TASK REQUIREMENTS: Word for word, restate the lines that run from the line containing "Capa Folio Para" to the last line of the records below.

____

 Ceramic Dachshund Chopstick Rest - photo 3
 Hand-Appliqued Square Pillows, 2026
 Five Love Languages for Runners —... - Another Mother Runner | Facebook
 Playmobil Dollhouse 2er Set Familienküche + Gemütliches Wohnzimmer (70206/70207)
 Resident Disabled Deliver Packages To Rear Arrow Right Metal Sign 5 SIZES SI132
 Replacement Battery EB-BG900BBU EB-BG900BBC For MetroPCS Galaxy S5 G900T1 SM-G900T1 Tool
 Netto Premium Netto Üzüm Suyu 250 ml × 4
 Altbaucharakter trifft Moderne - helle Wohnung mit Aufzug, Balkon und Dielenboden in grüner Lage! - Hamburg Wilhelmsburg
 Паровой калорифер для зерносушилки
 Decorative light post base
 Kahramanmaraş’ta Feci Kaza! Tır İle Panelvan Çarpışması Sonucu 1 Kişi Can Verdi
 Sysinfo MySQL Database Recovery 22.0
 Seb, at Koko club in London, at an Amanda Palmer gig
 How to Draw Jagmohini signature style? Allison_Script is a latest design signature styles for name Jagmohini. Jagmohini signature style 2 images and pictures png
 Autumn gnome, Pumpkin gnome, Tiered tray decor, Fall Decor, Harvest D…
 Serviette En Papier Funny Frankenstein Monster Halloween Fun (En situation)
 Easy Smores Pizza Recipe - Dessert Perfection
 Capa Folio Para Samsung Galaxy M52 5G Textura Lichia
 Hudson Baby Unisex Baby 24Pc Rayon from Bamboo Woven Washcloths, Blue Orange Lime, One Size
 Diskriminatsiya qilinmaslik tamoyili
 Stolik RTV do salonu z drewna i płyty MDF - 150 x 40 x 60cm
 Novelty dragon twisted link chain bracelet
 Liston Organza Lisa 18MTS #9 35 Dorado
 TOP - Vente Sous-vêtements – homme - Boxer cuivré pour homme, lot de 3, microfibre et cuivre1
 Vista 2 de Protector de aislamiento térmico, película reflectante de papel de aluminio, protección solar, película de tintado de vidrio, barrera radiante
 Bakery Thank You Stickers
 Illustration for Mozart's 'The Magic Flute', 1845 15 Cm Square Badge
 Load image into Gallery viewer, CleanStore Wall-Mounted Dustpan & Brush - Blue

____

SOLUTION:
 Capa Folio Para Samsung Galaxy M52 5G Textura Lichia
 Hudson Baby Unisex Baby 24Pc Rayon from Bamboo Woven Washcloths, Blue Orange Lime, One Size
 Diskriminatsiya qilinmaslik tamoyili
 Stolik RTV do salonu z drewna i płyty MDF - 150 x 40 x 60cm
 Novelty dragon twisted link chain bracelet
 Liston Organza Lisa 18MTS #9 35 Dorado
 TOP - Vente Sous-vêtements – homme - Boxer cuivré pour homme, lot de 3, microfibre et cuivre1
 Vista 2 de Protector de aislamiento térmico, película reflectante de papel de aluminio, protección solar, película de tintado de vidrio, barrera radiante
 Bakery Thank You Stickers
 Illustration for Mozart's 'The Magic Flute', 1845 15 Cm Square Badge
 Load image into Gallery viewer, CleanStore Wall-Mounted Dustpan & Brush - Blue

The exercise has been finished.